LEWISTON – The Lewiston Planning Board on Monday evening approved a new $ 11 million solar project for a field off Old Webster Road.
A subsidiary of Maryland-based developer EDF Renewables, which has more than 20 gigawatts of developed projects in North America, proposed the 4.99-megawatt project, according to a development review request.
The board of directors voted 6-0, according to town planner Doug Greene. Plans call for a 29-acre solar panel by Hayworth Solar Partners with approximately 15,184 panels at 268 Old Webster Road.
Allen Tate, associate director of project development for EDF Renewables, based in its New Hampshire office, said the company had between five and 10 projects in Maine at different stages.
He searches for sites by searching for properties near substations or three-phase power lines, then contacting landowners to assess their interest in a solar development lease.
“Another good thing about this site is that we can see through aerial photographs that this is largely a fairly open area that we wouldn’t have to do a lot of deforestation on – it’s still an advantage, ”said Tate, who toured the area on Monday. “It’s relatively flat, so easy to work with. And then it’s also surrounded by a pretty good wooden pad on all sides that we’re going to leave in place. It was appealing from that point of view, as it reduces the likelihood of neighbors worrying about not wanting to look at a solar project or things along those lines. “
The property is described in the TRC Environmental Corporation Consultants application as former farmland. This is a total of 55.6 acres with Hayworth renting up to 35. One side of the property and project borders I-95 and will be visible in the late fall and winter when the trees will lose their leaves.
The development will be set back at least 100 feet from the four streams on the site, depending on demand. The project will be bordered by a 7 foot high fixed knot agricultural fence. Power will connect to a Central Maine Power Co. distribution line on Old Webster Road in a mix of underground and overhead lines.
The land was recently leased to tenants with a greenhouse, which has since been removed, Tate said.
“We hope to start construction next year,” he said. “The timing of commercial operation by the end of next year is our goal; the only thing about it is that the site is included in a transmission cluster study that Central Maine Power and ISO New England are conducting. There are a number of projects in the region that trigger some need for evaluation of interconnection protection devices or wiring upgrades, things like that, that projects should install to ensure safe and continued operation. of the network. So we can’t start construction until this study is complete.
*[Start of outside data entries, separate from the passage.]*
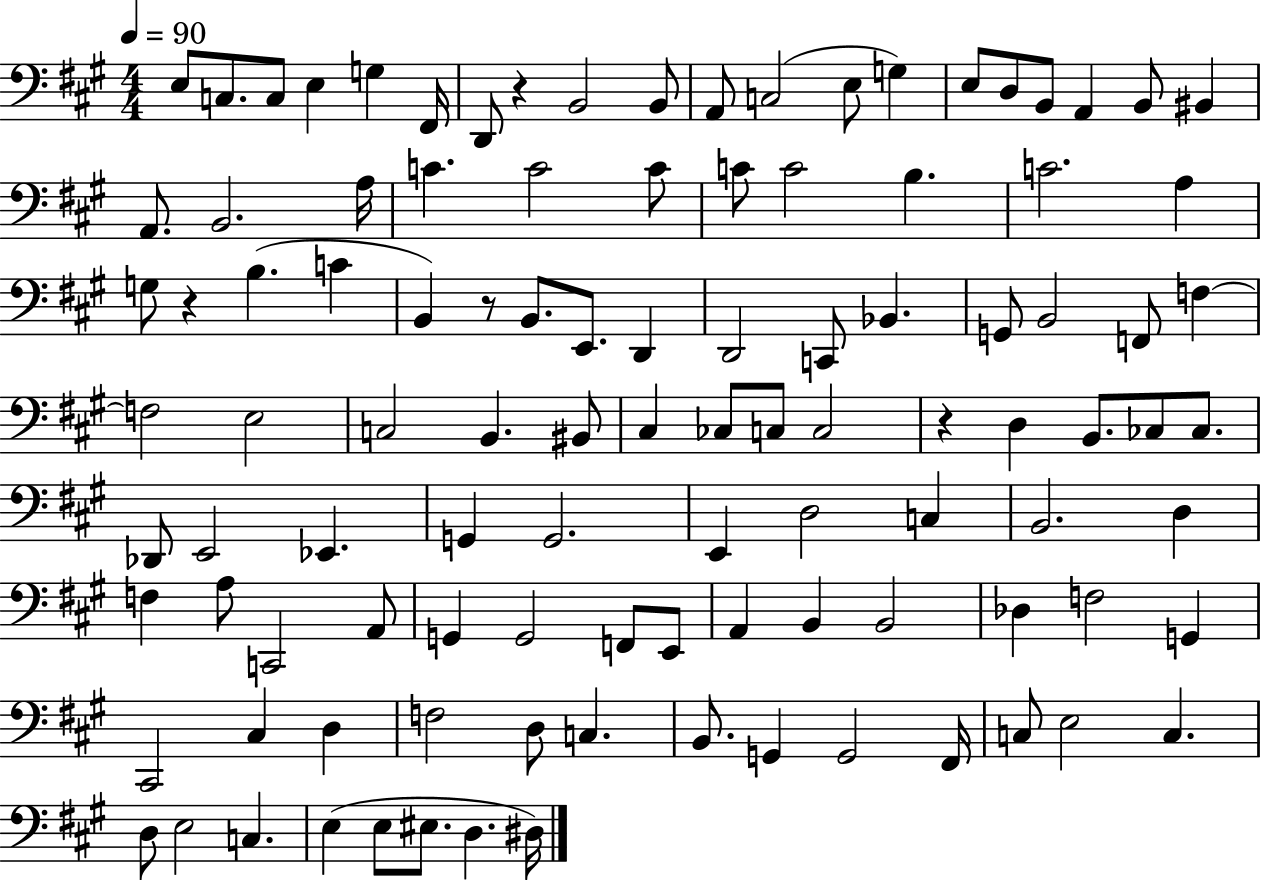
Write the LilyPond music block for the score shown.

{
  \clef bass
  \numericTimeSignature
  \time 4/4
  \key a \major
  \tempo 4 = 90
  \repeat volta 2 { e8 c8. c8 e4 g4 fis,16 | d,8 r4 b,2 b,8 | a,8 c2( e8 g4) | e8 d8 b,8 a,4 b,8 bis,4 | \break a,8. b,2. a16 | c'4. c'2 c'8 | c'8 c'2 b4. | c'2. a4 | \break g8 r4 b4.( c'4 | b,4) r8 b,8. e,8. d,4 | d,2 c,8 bes,4. | g,8 b,2 f,8 f4~~ | \break f2 e2 | c2 b,4. bis,8 | cis4 ces8 c8 c2 | r4 d4 b,8. ces8 ces8. | \break des,8 e,2 ees,4. | g,4 g,2. | e,4 d2 c4 | b,2. d4 | \break f4 a8 c,2 a,8 | g,4 g,2 f,8 e,8 | a,4 b,4 b,2 | des4 f2 g,4 | \break cis,2 cis4 d4 | f2 d8 c4. | b,8. g,4 g,2 fis,16 | c8 e2 c4. | \break d8 e2 c4. | e4( e8 eis8. d4. dis16) | } \bar "|."
}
According to the presentation made to the board, on average 20 to 100 temporary jobs are created during construction, according to EDF’s national experience.
Construction is expected to take nine months.
Lewiston has hosted a number of solar projects over the past year, including a 3.875 megawatt solar panel on Taylor Hill Road, three NextGrid Inc. projects totaling over 10 megawatts, and one 20 megawatt 101-acre offshore project. from rue Sabattus. estimated at $ 500,000 in taxes per year.